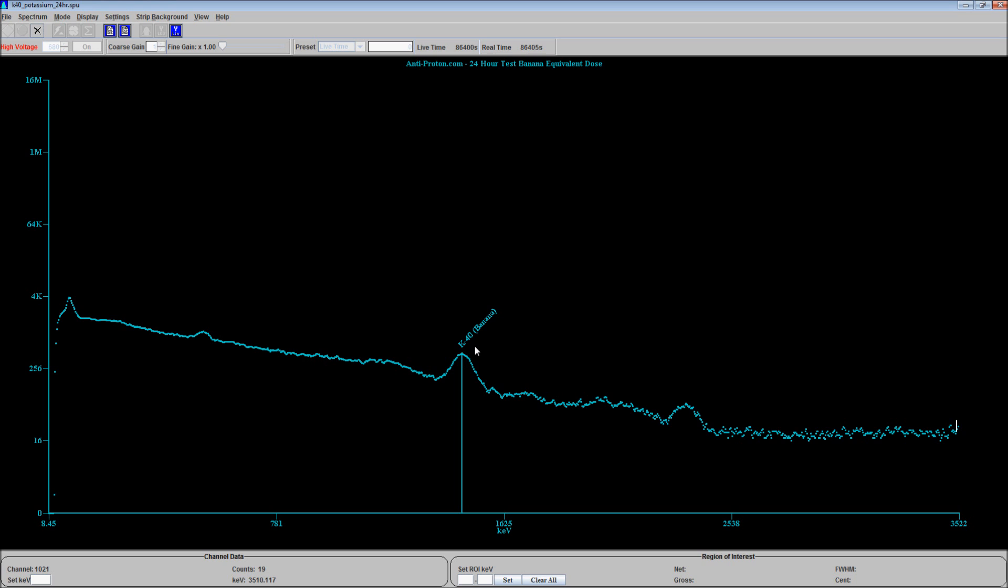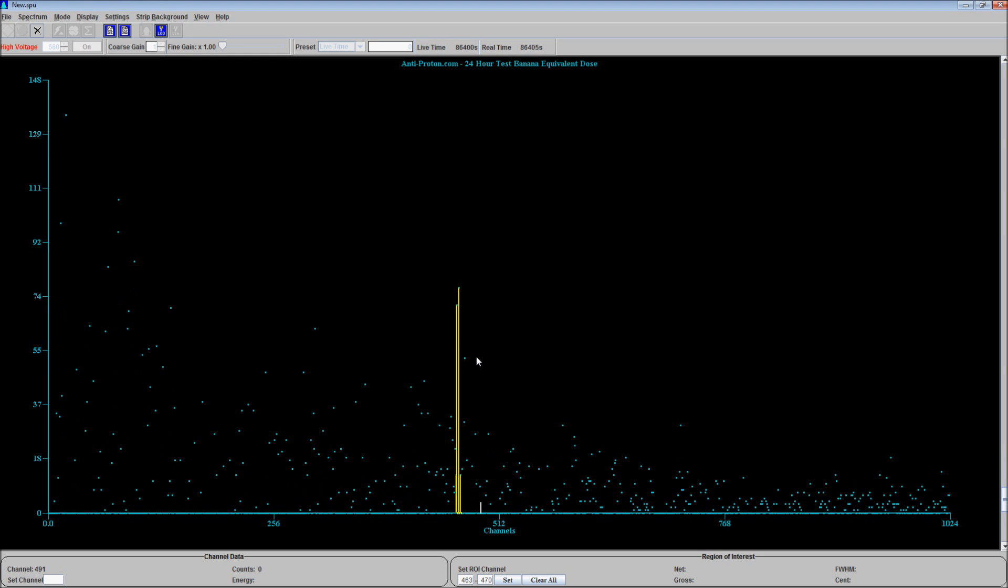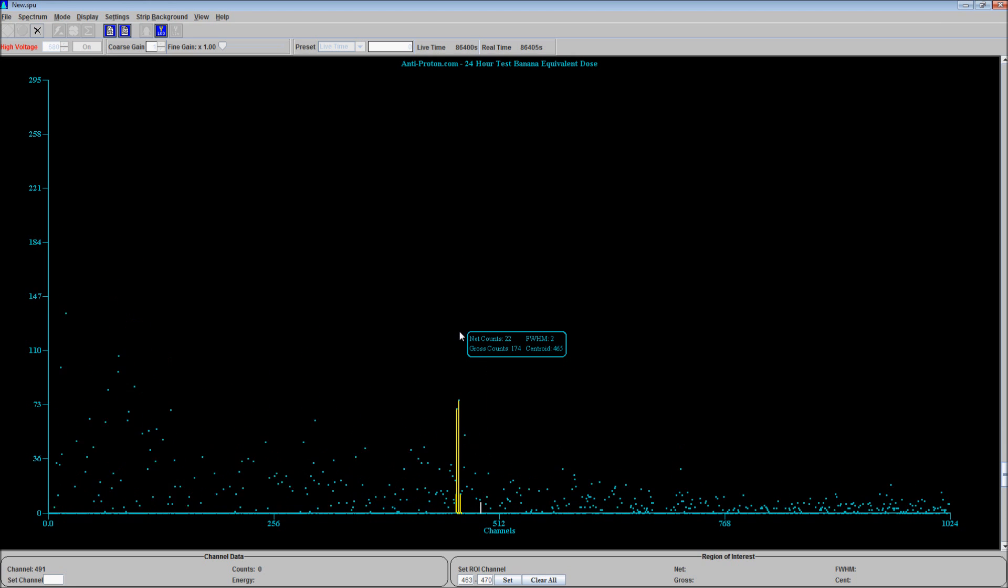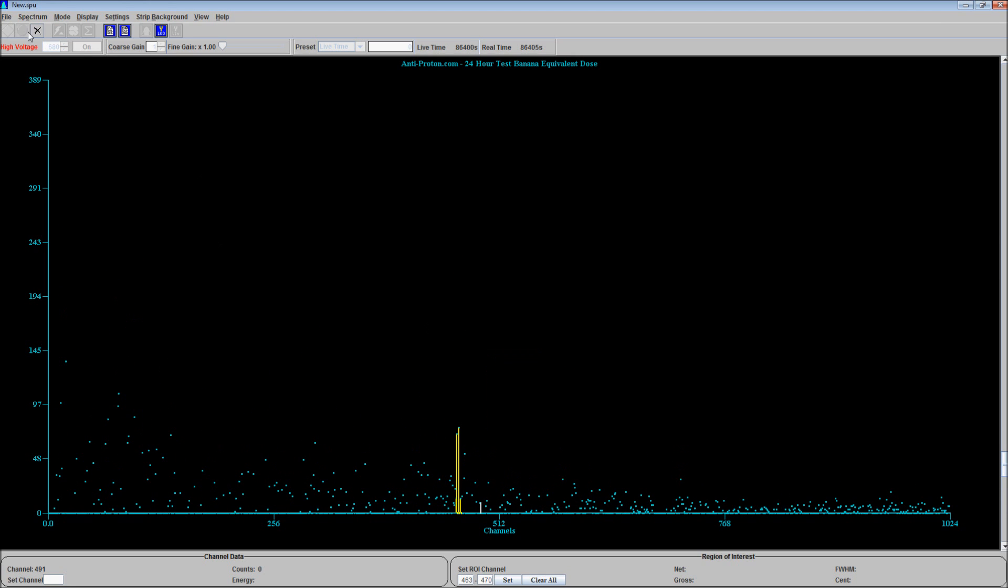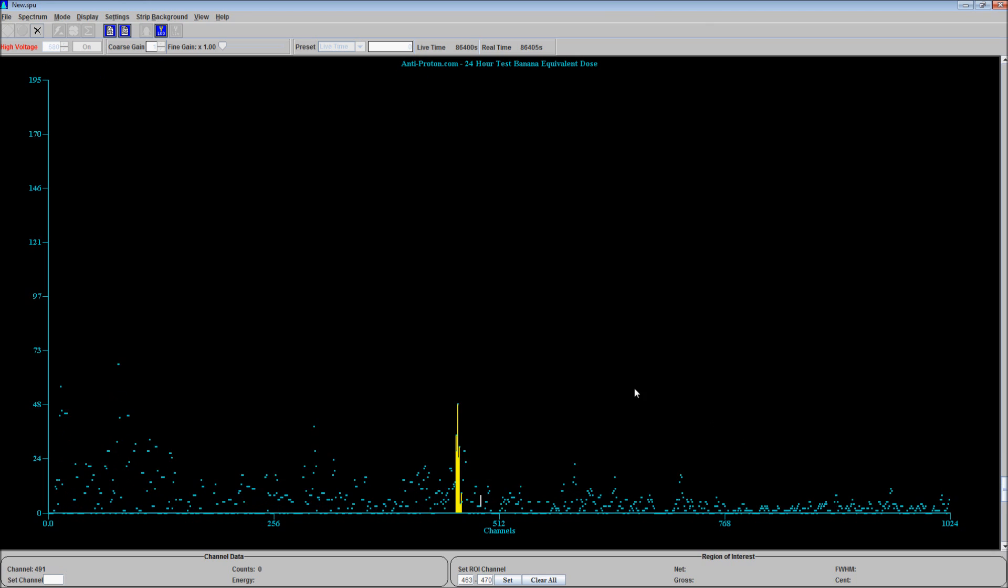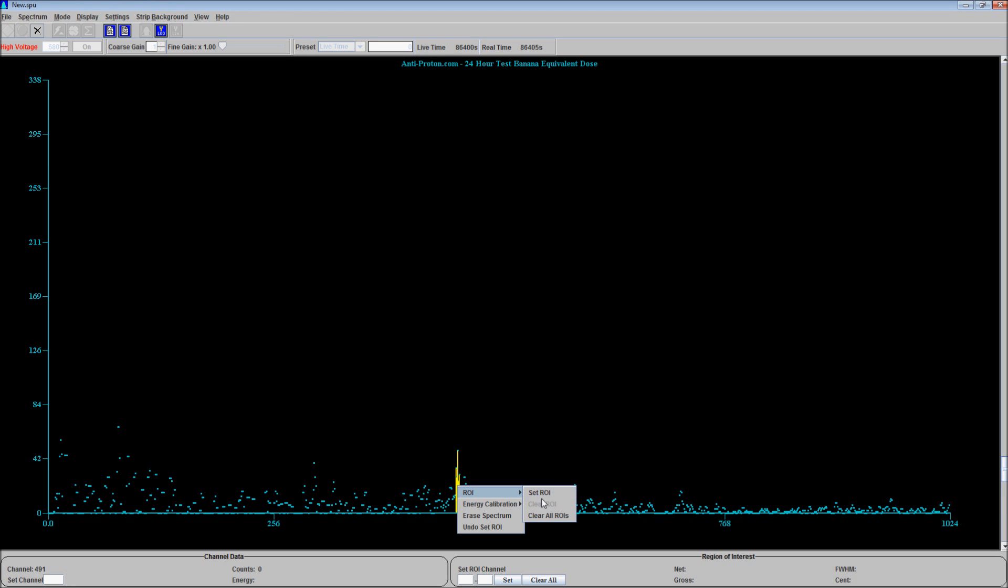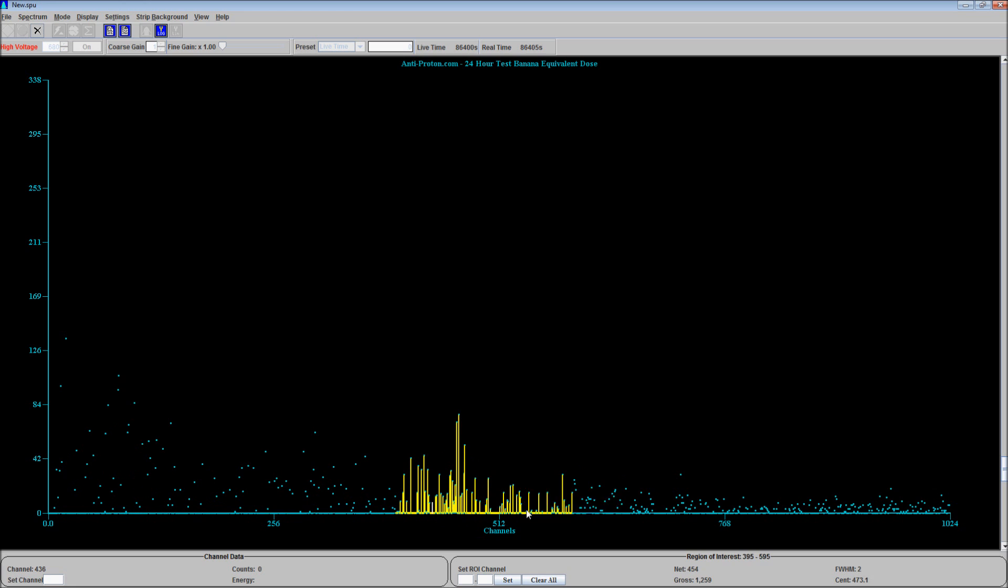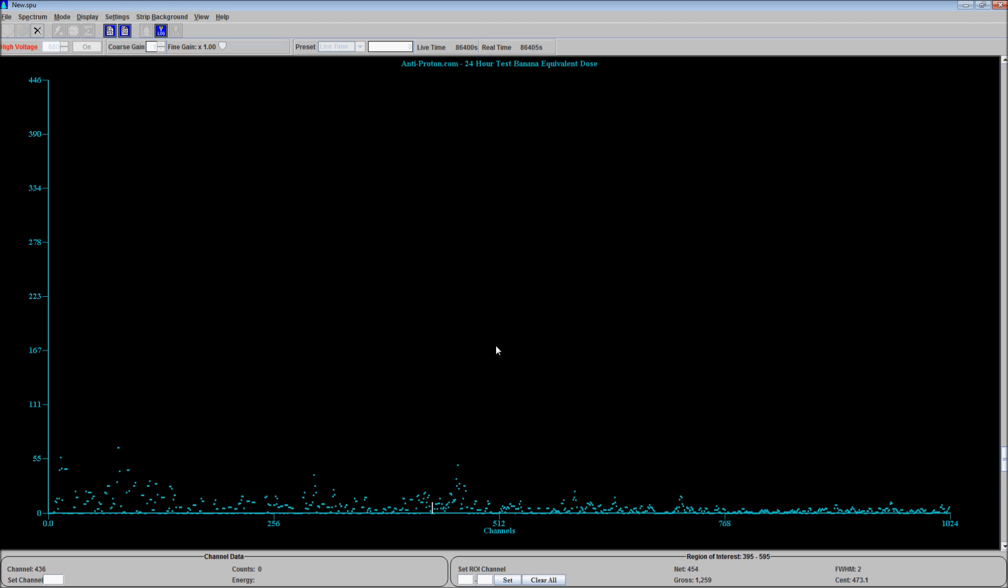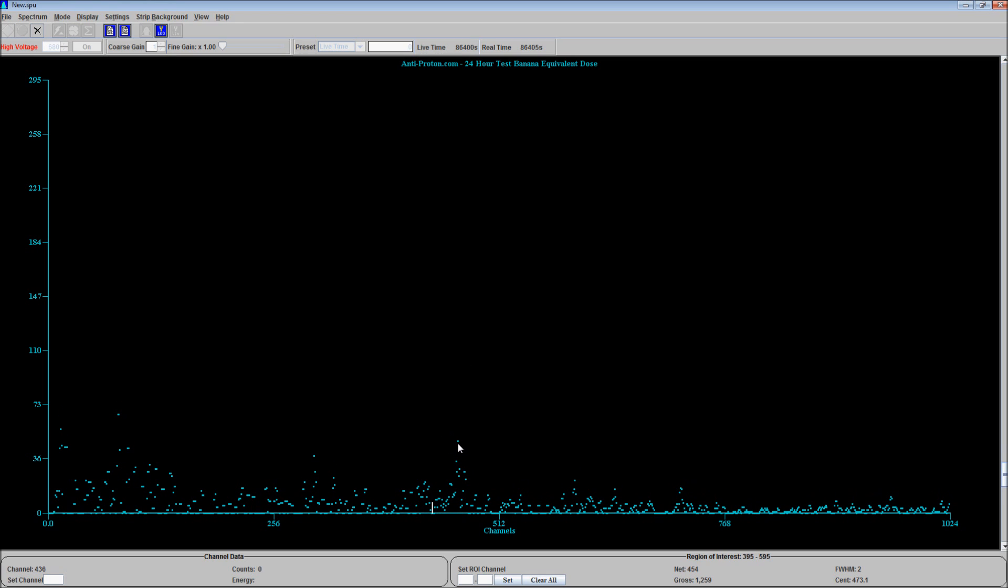So anyhow, this is what happens when you remove the background. You end up with this. This yellow, go figure, is the banana. Approximately 174 additional counts. That peak is a banana. Smooth the data a little bit. As you can see, there's a peak sitting right here for potassium-40. And I know what the rest of these peaks are over here, so I'm not too worried about them.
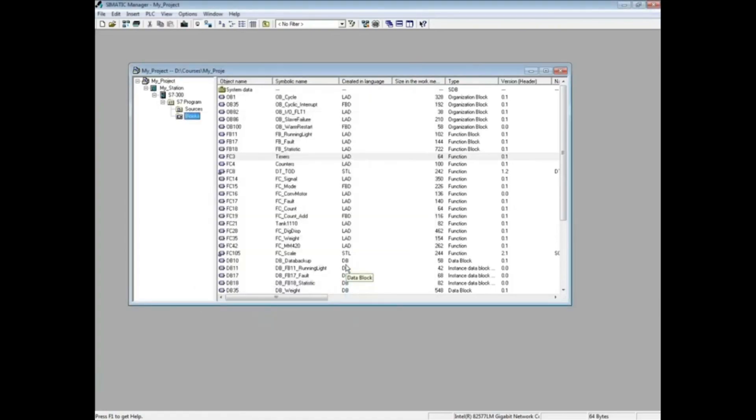This concludes the video on comparing two S7 Offline projects.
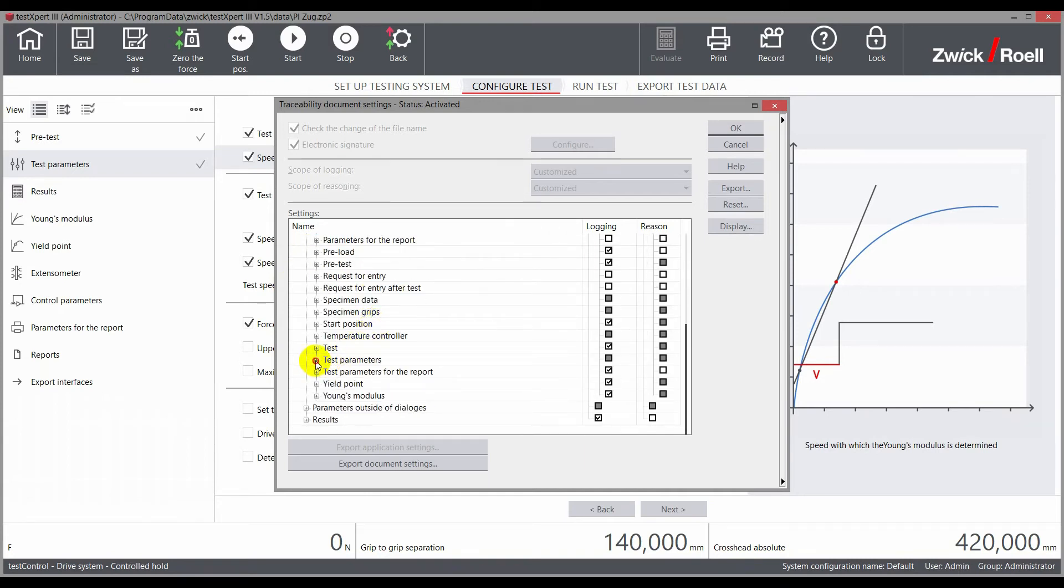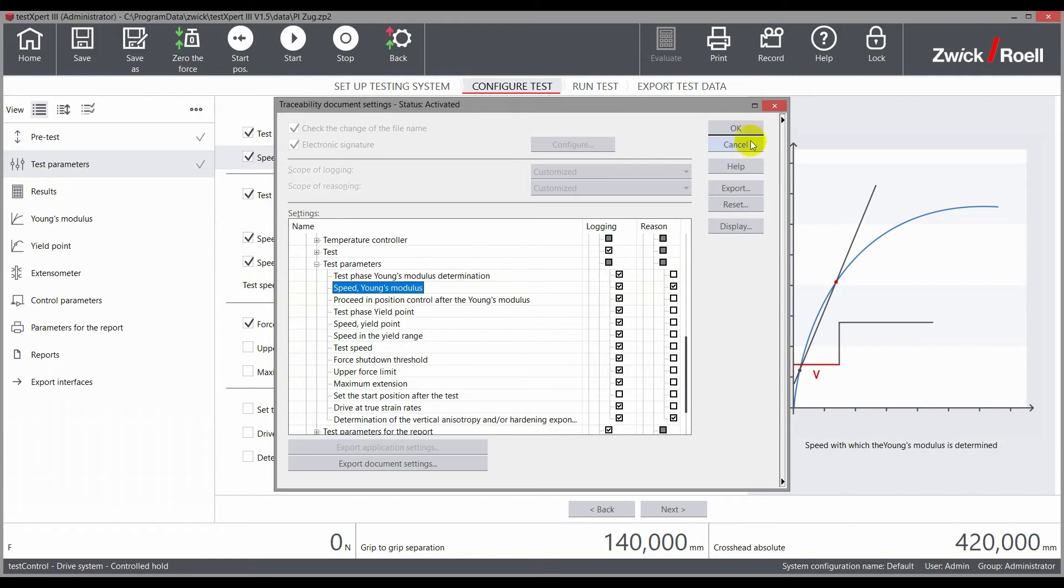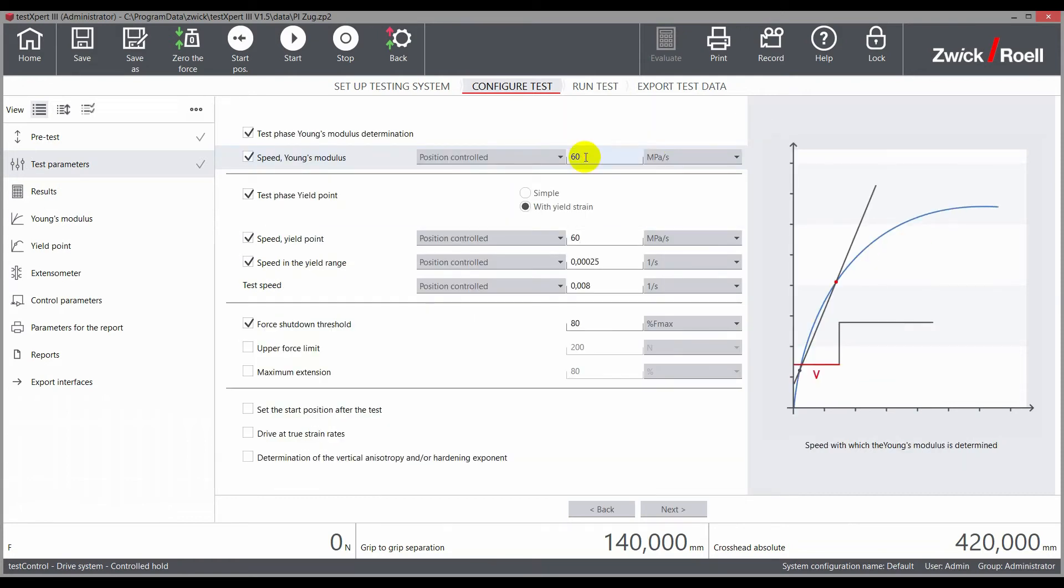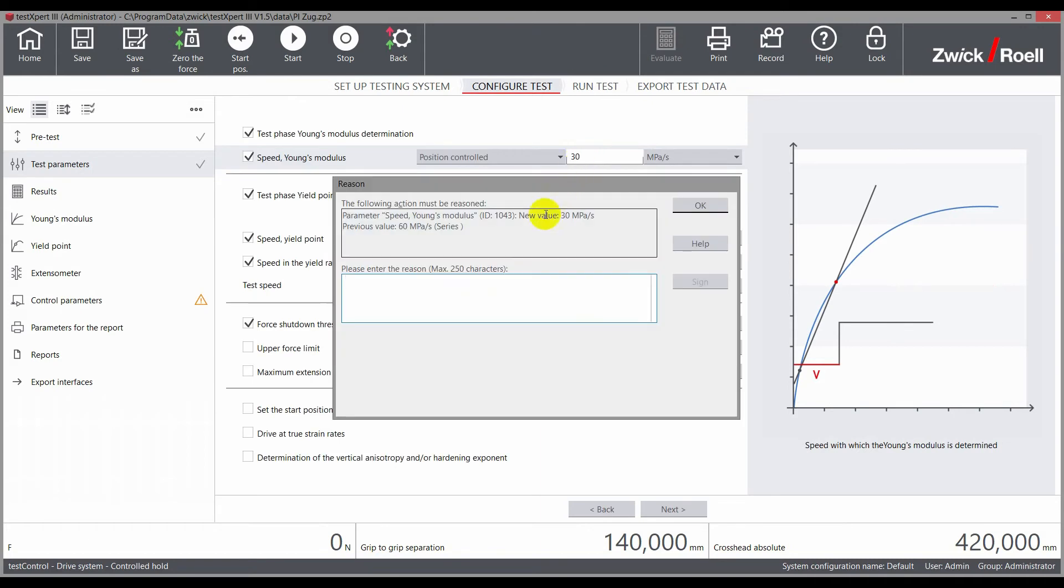If, for example, the speed with which the Young's modulus is to be determined is of particular importance, a reason must be provided for every change to this parameter to guarantee traceability. Here, the Young's modulus speed is adjusted from 60 MPas to 30 MPas, and the user must provide a reason for this change.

• [Goal of the exercise]:
Leave the pictures out, and print every line of the listing exactly as written.

• [Solution for this problem]:
So anyhow, this is what happens when you remove the background. You end up with this. This yellow, go figure, is the banana. Approximately 174 additional counts. That peak is a banana. Smooth the data a little bit. As you can see, there's a peak sitting right here for potassium-40. And I know what the rest of these peaks are over here, so I'm not too worried about them.
This concludes the video on comparing two S7 Offline projects.
If, for example, the speed with which the Young's modulus is to be determined is of particular importance, a reason must be provided for every change to this parameter to guarantee traceability. Here, the Young's modulus speed is adjusted from 60 MPas to 30 MPas, and the user must provide a reason for this change.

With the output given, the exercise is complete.